▶ _PROBLEM TO WORK ON_
Once you find the line with "VINTAGE MULLARD LONG" in the data below, transcribe exactly each line from there to the line with "Glow Tan Body", inclusive, and nothing else. Drop the pictures.

[INFORMATION SUPPLIED — start]

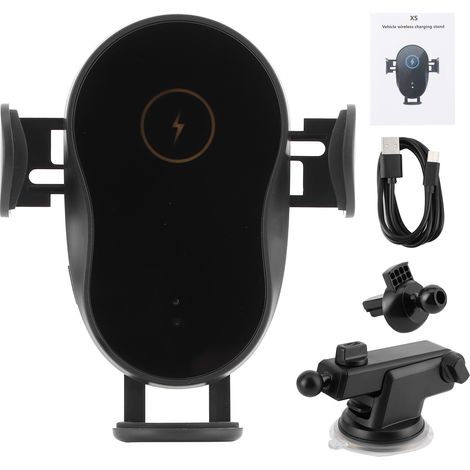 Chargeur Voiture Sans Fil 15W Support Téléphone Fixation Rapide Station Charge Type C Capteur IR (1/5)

[INFORMATION SUPPLIED — finish]
[INFORMATION SUPPLIED — start]

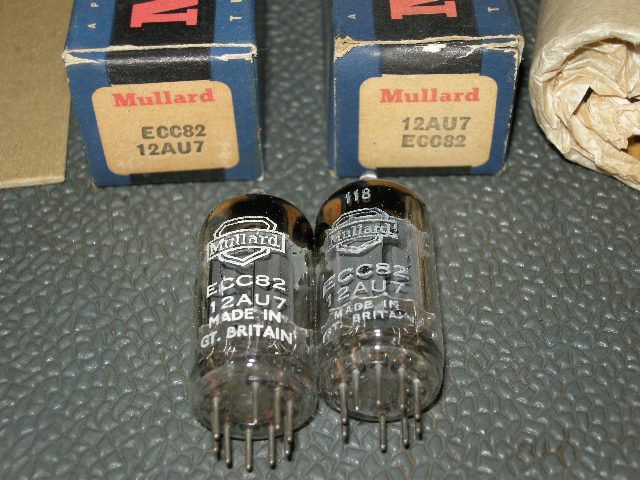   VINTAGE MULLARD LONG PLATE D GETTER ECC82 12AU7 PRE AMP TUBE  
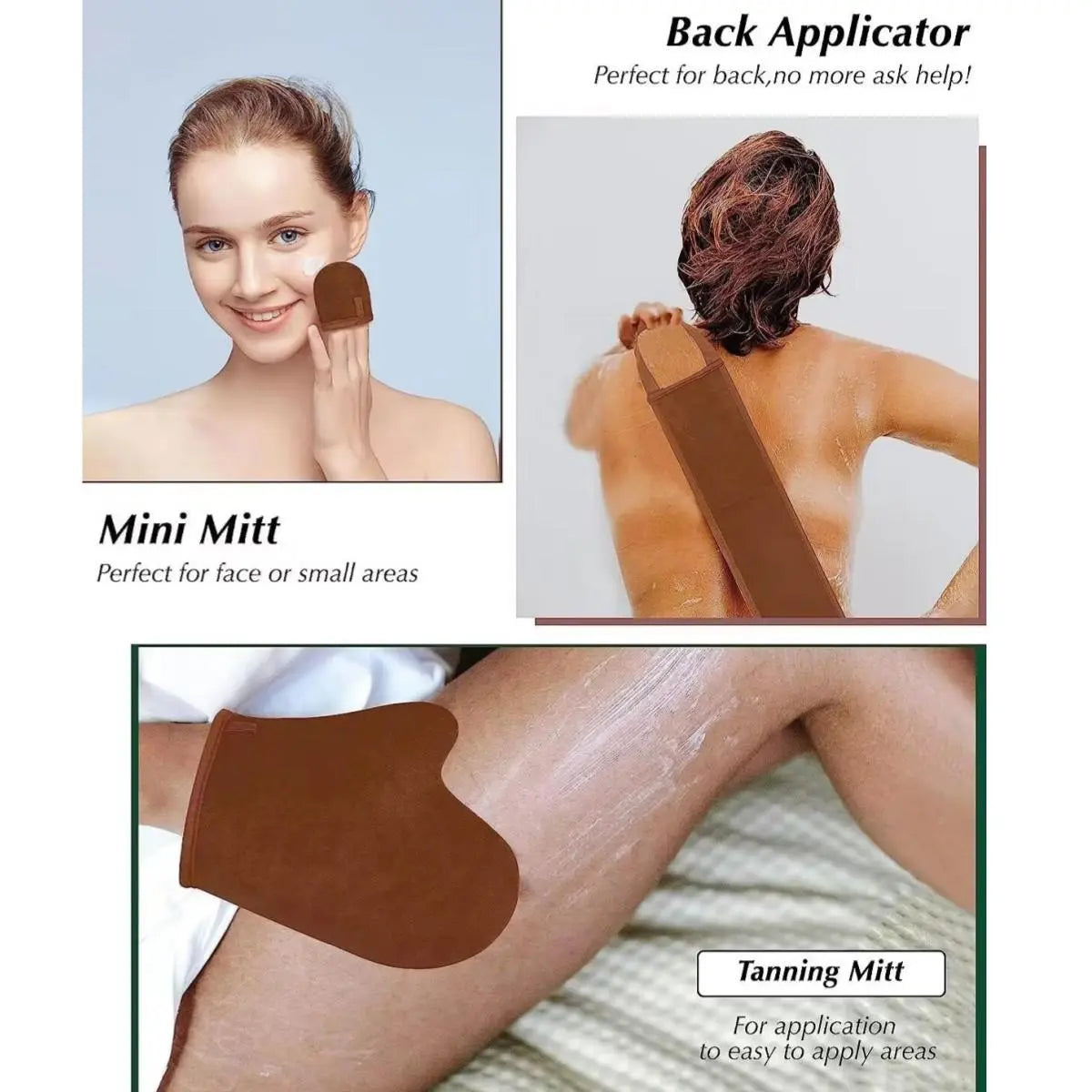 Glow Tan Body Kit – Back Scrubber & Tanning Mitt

[INFORMATION SUPPLIED — finish]

▶ _ANSWER TO THIS TASK_
   VINTAGE MULLARD LONG PLATE D GETTER ECC82 12AU7 PRE AMP TUBE  
 Glow Tan Body Kit – Back Scrubber & Tanning Mitt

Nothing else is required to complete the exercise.